While officials confirmed that several structures have been damaged or destroyed in the King Fire, dangerous conditions have so far prevented them from determining an exact number or how many of them were homes, fire spokesman Mike McMillian said.

The fire some 60 miles east of Sacramento grew to more than 128 square miles Saturday, and gathering thunderstorms could either help or harm the firefight with moisture or wind, authorities said.

The blaze began one week ago, and a man accused of starting the blaze is being held on $10 million bail. It is just 10 percent contained.

More than 5,000 firefighters — from as far as Florida and Alaska — are helping California crews battle the blaze that has not only consumed grass and brush, but swaths of extremely dry tall timber.

"That's what makes it difficult for a direct attack," McMillian said. "The main fuel that is burning is the tall timber.
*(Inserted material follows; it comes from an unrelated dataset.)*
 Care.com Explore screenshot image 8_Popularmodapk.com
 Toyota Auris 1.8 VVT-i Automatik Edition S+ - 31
We're making some progress, but it is slow going in some areas as we're trying to construct more contingency and control lines."

About 100 evacuees have been allowed to return home, but some 2,700 remain under evacuation orders, Cal Fire said in a statement.
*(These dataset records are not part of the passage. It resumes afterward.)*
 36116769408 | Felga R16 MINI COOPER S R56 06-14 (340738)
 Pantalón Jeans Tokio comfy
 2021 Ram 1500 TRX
Also of concern are possible wind gusts of up to 30 mph that could push the fire, which has spread from the north to the south, state fire spokeswoman Lynne Tolmachoff said.

"That would open up a whole new area for it to burn in," Tolmachoff said.

The fire has spread to the Tahoe National Forest northwest of Lake Tahoe, McMillian said. Also, the fire is threatening a key University of California, Berkeley research station that his home to scores of experiments on trees, plants and other wildlife.

Wayne Allen Huntsman, 37, pleaded not guilty to an arson charge Friday in El Dorado County Superior Court.

Authorities have not said what evidence they have linking Huntsman to the fire, by far one of the largest of about a dozen fires burning statewide.

Meanwhile, a wildfire in the town of Weed near the Oregon border was fully contained Saturday after burning 479 acres and destroying 143 homes. Another wildfire that destroyed 37 homes near Yosemite National Park was 93 percent contained.